In February 2022, it was revealed that Netflix was teaming up with video game producer Take-Two Interactive and its subsidiary, 2K, to adapt the famous video game, albeit, at the time, there was no information on who would be involved in the adaptation. As the man behind the Hunger Games films, it’s easy to see why Lawrence would be chosen to helm an adaptation. He is presently serving as director once again for the next Hunger Games prequel film, The Ballad of Songbirds and Snakes. Green has written for films such as Denis Villeneuve’s Blade Runner 2049, which won the Academy Award for Best Adapted Screenplay, and James Mangold’s Logan, which was nominated for the same award. According to Deadline, while Lawrence is currently filming The Hunger Games prequel film, The Ballad of Songbirds and Snakes, Green will adapt the game into a narrative and the crew will immediately enter into pre-production.
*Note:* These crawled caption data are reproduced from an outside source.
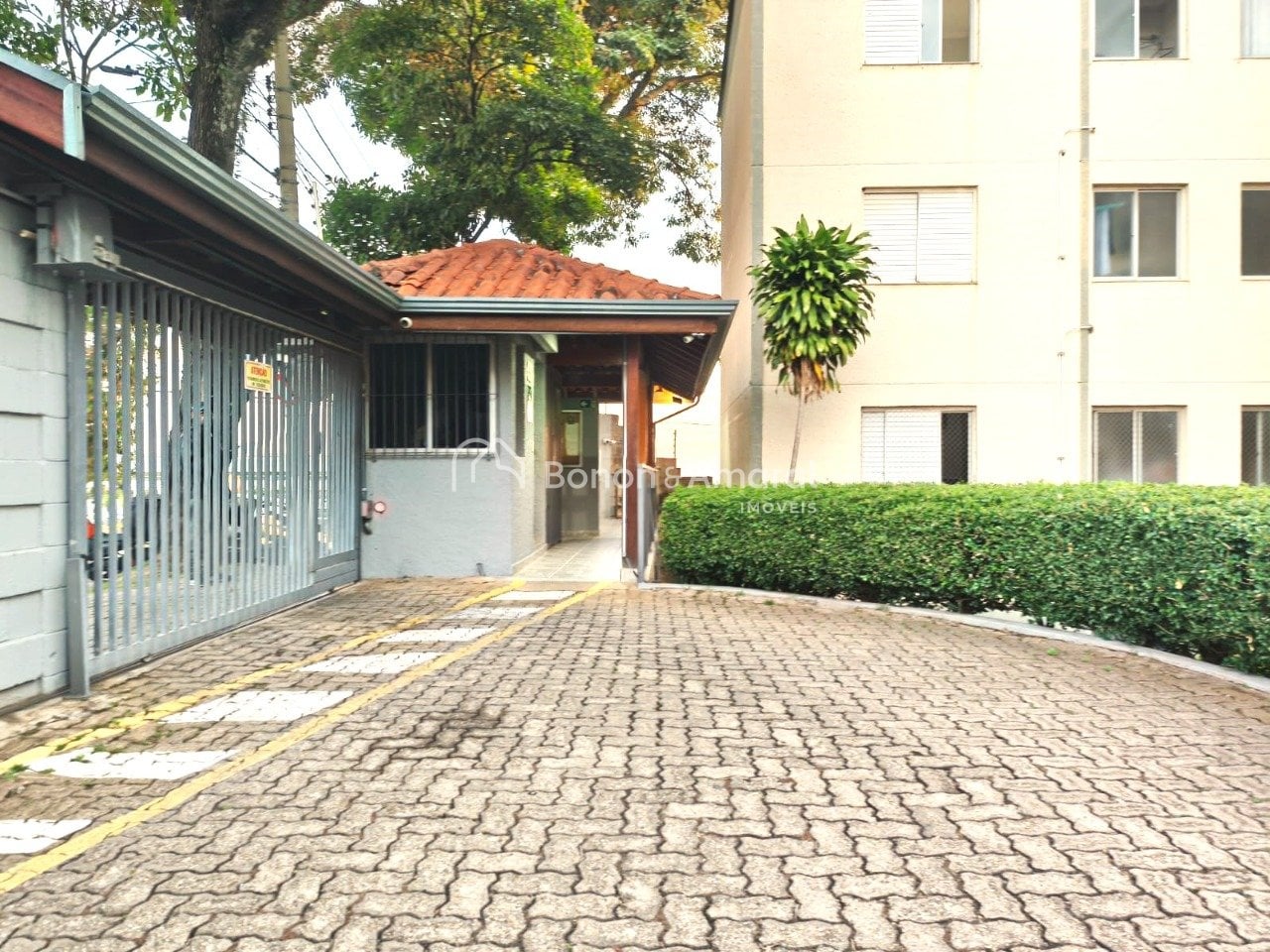 Apartamento no Residencial Parque Da Figueira, Parque Da Figueira, Campinas/SP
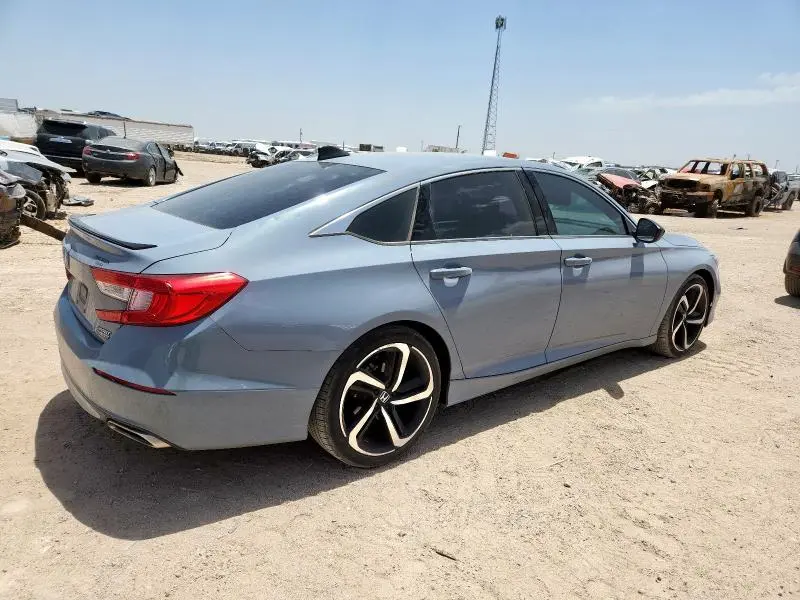 2021 HONDA ACCORD SPORT SE  
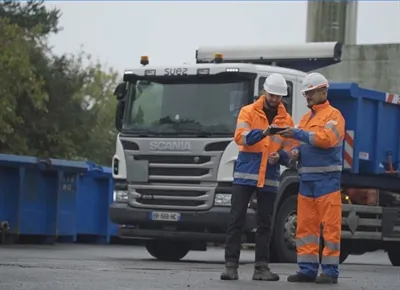 SUEZ - Recyclage et Valorisation Normandie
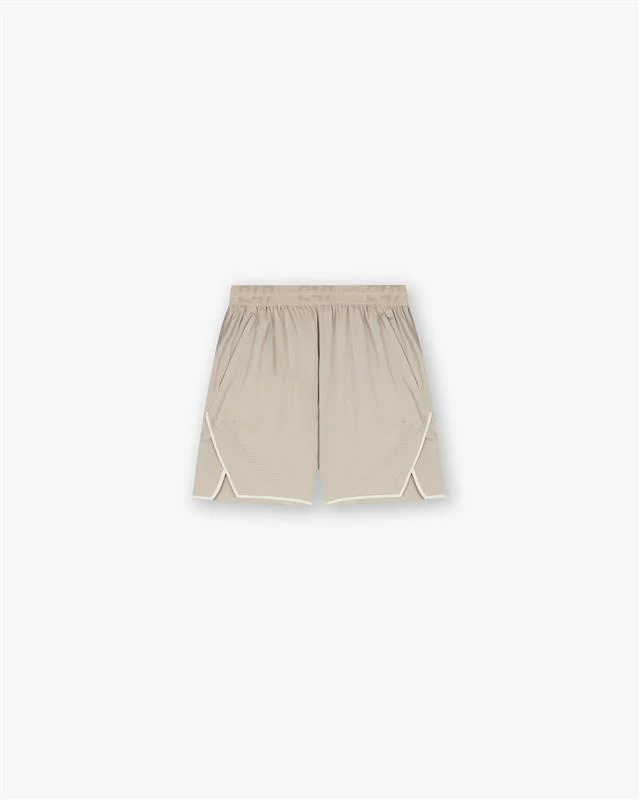 Team 247 Aero Shorts - Pebble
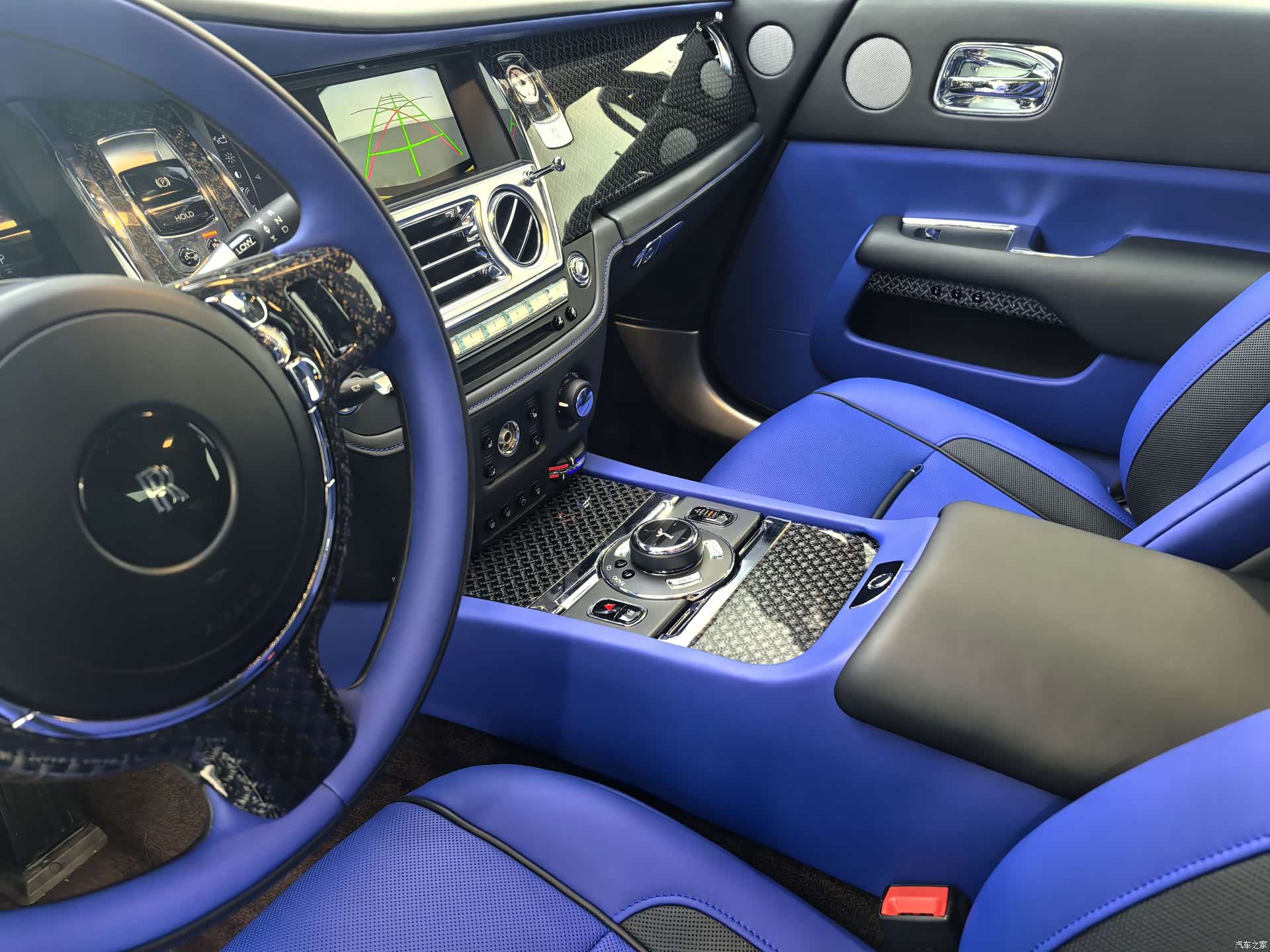 Rolls-Royce Wraith, 2014 6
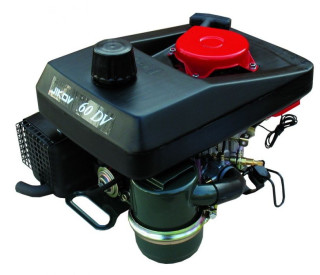 Náhradní motor Jikov 1447 DV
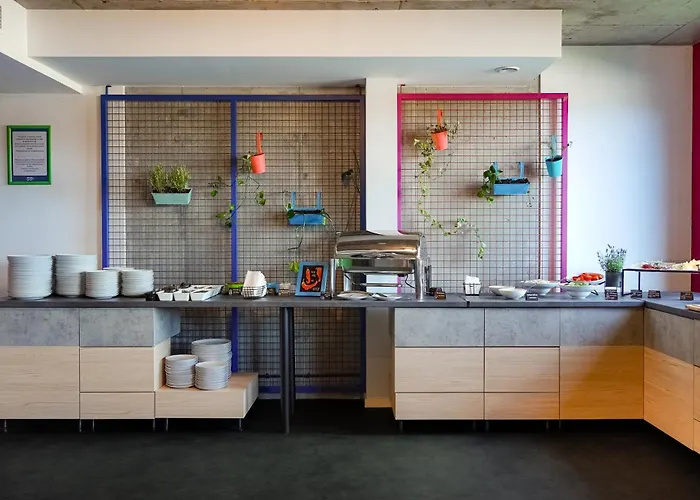 Hotel apartamentowy Easy One Premium Art Kraków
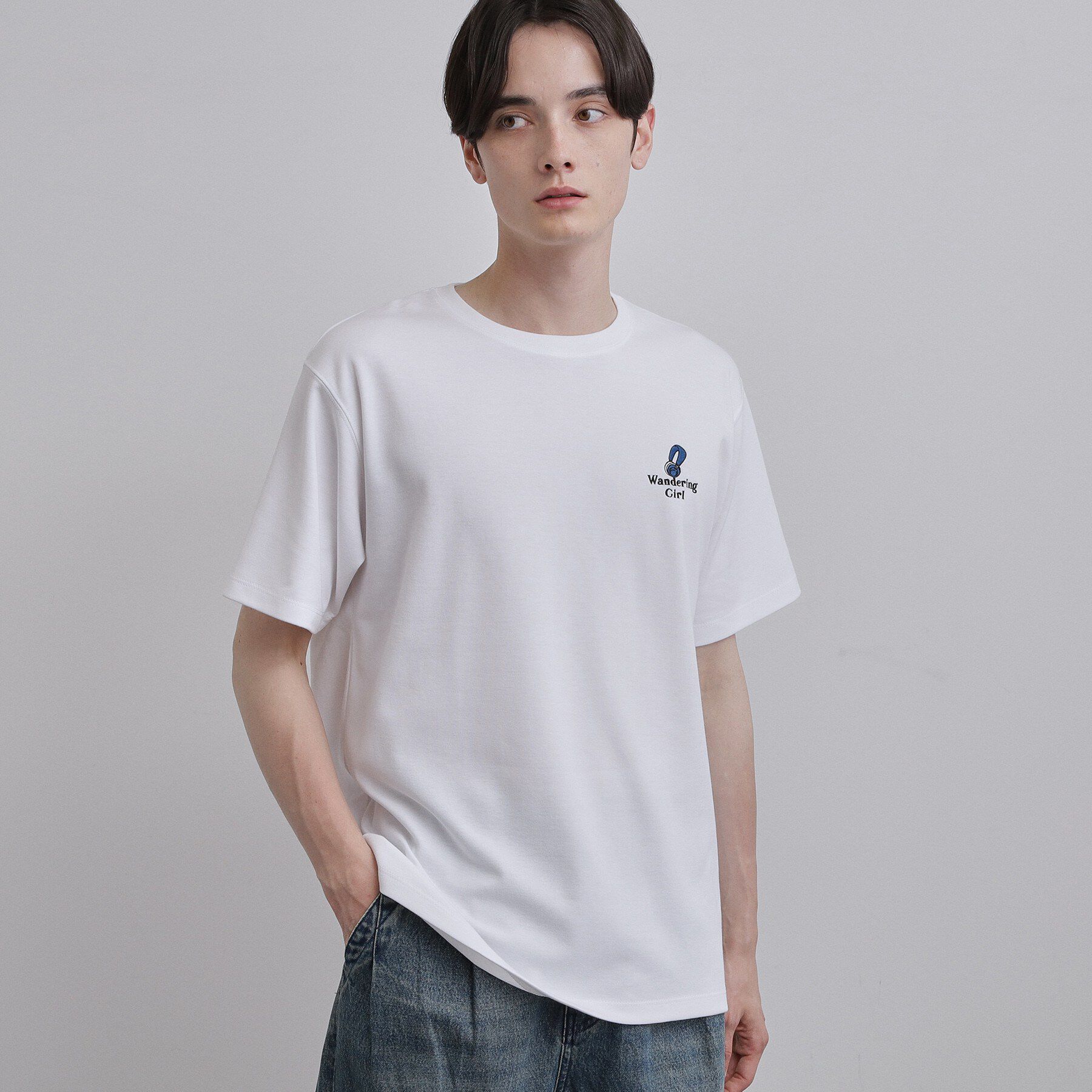 tk.TAKEO KIKUCHI「GIRLバックＴシャツ」|Tシャツ・カットソー|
Roy Lee, through his company Vertigo Entertainment, and Lawrence will both act as producers on the film. Cameron MacConomy and Strauss Zelnick are the executive producers for Take-Two. In 2007, 2K Games published the original BioShock, which had been created by Irrational Games under the direction of Ken Levine. Both BioShock and its 2010 sequel, BioShock 2, are set in the dystopian 1960s underwater metropolis of Rapture. Players in both games must use a wide array of abilities and weapons to combat the city’s increasingly violent inhabitants. With 2013’s BioShock Infinite, the franchise reached its third instalment, transporting players to the floating metropolis of Columbia.
A cinematic version of the series has been attempted before, with Pirates of the Caribbean helmer Gore Verbinski attached to direct a script written by John Logan as far back as 2008. After those plans fell through, Verbinski was set to produce a film with Juan Carlos Fresnadillo at the helm, but that film never got made. There has been a steady stream of movies based on video games to theatres over the past few years, and that trend shows no signs of slowing down. Animated and live-action video game adaptations have both appeared on Netflix, with the former encompassing critically praised programmes like Castlevania and Arcane and newer releases like Tekken: Bloodline.
The third season of The Witcher, starring Henry Cavill, is now in development, while the latest instalment of the Resident Evil series is also available on the streaming site. And it’s not only Netflix; Sega’s Sonic the Hedgehog movies, which came out in 2020 and 2022, also did quite well thanks to their adaptations of popular video games. Sega has responded by saying they intend to turn more of its intellectual properties into movies and television shows. Sony has demonstrated its intention to adapt its most popular PlayStation games into film and television by announcing the casting of Tom Holland and Mark Wahlberg in the upcoming film adaptation of Naughty Dog’s Uncharted series (2022), as well as the casting of Pedro Pascal and Bella Ramsey in the upcoming HBO Max film adaptation of Naughty Dog’s The Last of Us (2019).
The firm announced plans to adapt at least 10 of their games for television and cinema in May 2021; these adaptations include a Ghost of Tsushima feature directed by John Wick’s Chad Stahelski and a Twisted Metal series at Peacock, among others. No official release date or window has been established for the BioShock film, which is still in pre-production.